Waktuku dihabiskan bernyanyi dengan Malik atau sekadar belajar main PS dari Zaki. Banter-banternya, aku ke kelas Altra untuk modus bertanya. Karena Andre terus mendatangi mejaku.
Andre mempunyai ambisi yang terlalu besar terhadap sesuatu. Cowok itu pasti akan mengejarnya sampai rasa penasarannya terpenuhi.
Hingga suatu hari Andre mulai meminta maaf padaku. Sejak saat itu, aku tambah yakin pula kalau Andre orangnya nekad.
Ketika itu, jam pelajaran Pak Wandi –guru agama- sedang tidak masuk. Andre langsung mencekal tanganku sebelum aku kabur lagi. Dan dia mengancamku begini, “Elo diem, atau gue umumin ke satu kelas kalau kita pacaran.”
Aku menelan ludah susah payah. Andre dengan mata tajamnya seolah menghipnotisku. Aku pun duduk kembali dengan gemetaran seperti tertangkap mencuri jemuran.
Kami pun duduk bersampingan dengan aku yang masih sedikit takut kepadanya.
“Oke, gue tahu gue salah. Tapi gue gak mau narik ucapan gue. Gue mau lo pikirin lagi apa yang gue ucapin dan….” Andre memberi jeda sejenak. “Elo pikirin juga perasaan gue.”
Tanpa menjelaskan apa maksudnya, aku jelas mengerti. Cowok itu ternyata tidak main-main dengan ucapannya. Jangan memintaku untuk menjelaskan itu apa. Karena aku masih tidak sudi mengatakannya.
“Jadi, gue minta elo bersikap seperti biasa, oke? Jangan buat semua ini makin sulit, Al.”
Andre dengan ekspresi memohonnya, selalu membuatku luluh dengan mudah. Saat itu, aku hanya mengangguk. Hingga seterusnya, hubungan aku dan Andre membaik. Hanya saja cowok itu semakin terang-terangan menunjukkan perasaannya padaku.
“A-Altra kelamaan ya?”
“Hah?!” Aku terperangah. Aku terlempar ke bumi kembali dengan cara tragis. Altra sudah ada di depanku dengan kepala menunduk seperti biasa. Sejak kapan cowok itu ada disitu ya? Ah sepertinya aku terlalu banyak melamun.
Aku pun berdeham. Mencoba menetralkan suasana perasaanku yang sempat tak terarah tadi.
“Enggak kok. Lo duduk coba. Biar langsung belajar. Gue juga mau banyak yang diomongin sama elo.”

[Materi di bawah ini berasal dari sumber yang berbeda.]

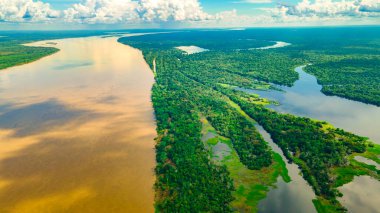 Leticia, Kolombiya 'daki Amazon Nehri' nin havadan görünüşü, gösterişli tekneler ve verimli tropikal ormanlar, biyolojik çeşitliliği ve doğal güzelliği vurguluyor..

Altra mengangguk dan duduk di depanku seperti biasa. Cowok itu mengeluarkan beberapa buku yang tebalnya minta digorok.
Tapi aku sadar diri. Itu perbuatan yang tidak terpuji.
“Hari ini kata Bu Sari, Altra harus ngasih soal semua bab yang Altra ajarin sama Alia,” jelas Altra seraya menundukkan kepalanya. “Maaf ya. Altra ngasih tahunya mendadak. Tapi gak terlalu serius. Ini cuma latihan sebelum ujiannya sama Bu Sari. Kalo Alia ada yang mau ditanyain, Altra jelasin lagi.”
Aku menghela napasku. Sebenarnya aku ingin marah. Jelas saja aku marah. Memangnya bab yang diajarkan Altra itu cuma penjumlahan dan pembagian? Tidak mungkin. Justru x dan y apalagi grafik melengkung atau berbentuk linier yang menjadi pokok permasalahan di sini.
Aku pun hanya memanggut dan tersenyum. Kalian tahu? Jenis senyum yang tidak ikhlas.
“Oke. Tapi udah ini jangan ada belajar-belajar lagi ya? Gue mau ngobrol banyak sama elo.”
Altra setuju dan aku mulai mengerjakan beberapa soal pemberian Altra. Sebenarnya aku tidak modus lho. Aku hanya penasaran saja tentang Altra.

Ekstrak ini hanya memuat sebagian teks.